**GIVEN RECORDS**
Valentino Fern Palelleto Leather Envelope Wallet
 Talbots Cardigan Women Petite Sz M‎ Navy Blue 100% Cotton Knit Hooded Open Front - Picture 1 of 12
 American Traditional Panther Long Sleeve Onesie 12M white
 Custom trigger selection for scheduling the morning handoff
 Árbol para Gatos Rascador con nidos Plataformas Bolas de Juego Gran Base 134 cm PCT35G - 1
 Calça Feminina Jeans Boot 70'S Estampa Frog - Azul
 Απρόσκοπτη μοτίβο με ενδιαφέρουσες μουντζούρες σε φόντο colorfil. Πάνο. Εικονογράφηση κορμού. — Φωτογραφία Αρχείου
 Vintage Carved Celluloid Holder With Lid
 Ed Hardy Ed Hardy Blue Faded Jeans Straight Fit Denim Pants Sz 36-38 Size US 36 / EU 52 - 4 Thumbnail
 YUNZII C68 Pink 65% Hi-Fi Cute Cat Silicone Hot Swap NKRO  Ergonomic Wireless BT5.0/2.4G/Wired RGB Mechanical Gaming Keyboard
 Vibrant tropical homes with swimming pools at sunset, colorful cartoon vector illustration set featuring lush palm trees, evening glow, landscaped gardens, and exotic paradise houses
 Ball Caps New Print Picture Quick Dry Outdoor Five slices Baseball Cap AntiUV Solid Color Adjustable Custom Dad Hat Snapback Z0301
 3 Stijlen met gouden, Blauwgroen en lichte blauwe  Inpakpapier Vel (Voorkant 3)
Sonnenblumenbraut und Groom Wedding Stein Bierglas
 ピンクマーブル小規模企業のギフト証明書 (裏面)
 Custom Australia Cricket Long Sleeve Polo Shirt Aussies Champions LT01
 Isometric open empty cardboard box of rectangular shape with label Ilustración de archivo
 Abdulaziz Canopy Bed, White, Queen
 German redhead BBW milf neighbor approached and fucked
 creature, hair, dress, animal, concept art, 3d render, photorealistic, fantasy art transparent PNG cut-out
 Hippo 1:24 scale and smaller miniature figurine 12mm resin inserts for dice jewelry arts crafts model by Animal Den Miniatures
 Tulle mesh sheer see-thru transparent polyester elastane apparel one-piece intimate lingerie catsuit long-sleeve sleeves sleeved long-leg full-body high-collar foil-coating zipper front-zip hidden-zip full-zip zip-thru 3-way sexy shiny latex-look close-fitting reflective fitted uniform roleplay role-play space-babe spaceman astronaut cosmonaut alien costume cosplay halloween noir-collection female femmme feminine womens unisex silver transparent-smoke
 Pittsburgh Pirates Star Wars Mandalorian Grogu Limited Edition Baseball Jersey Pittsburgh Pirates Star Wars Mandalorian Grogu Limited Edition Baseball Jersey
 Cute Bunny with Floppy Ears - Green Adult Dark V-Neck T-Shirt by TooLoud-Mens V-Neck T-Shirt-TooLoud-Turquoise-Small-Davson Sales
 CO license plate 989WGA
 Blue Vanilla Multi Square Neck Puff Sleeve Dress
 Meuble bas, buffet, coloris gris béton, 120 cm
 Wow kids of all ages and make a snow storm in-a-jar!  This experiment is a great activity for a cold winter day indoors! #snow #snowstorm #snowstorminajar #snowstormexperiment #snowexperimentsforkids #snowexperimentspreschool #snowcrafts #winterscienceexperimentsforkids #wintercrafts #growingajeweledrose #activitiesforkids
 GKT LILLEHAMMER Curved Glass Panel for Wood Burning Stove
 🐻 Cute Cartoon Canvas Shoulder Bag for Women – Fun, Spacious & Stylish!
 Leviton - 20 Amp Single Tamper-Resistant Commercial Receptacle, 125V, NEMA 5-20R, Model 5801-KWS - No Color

**WHAT TO DO**
Using the material above, transcribe exactly the lines from the line with "Isometric open empty" to the line with "German redhead BBW"; both count, and nothing else goes in.

**TASK SOLUTION**
 Isometric open empty cardboard box of rectangular shape with label Ilustración de archivo
 Abdulaziz Canopy Bed, White, Queen
 German redhead BBW milf neighbor approached and fucked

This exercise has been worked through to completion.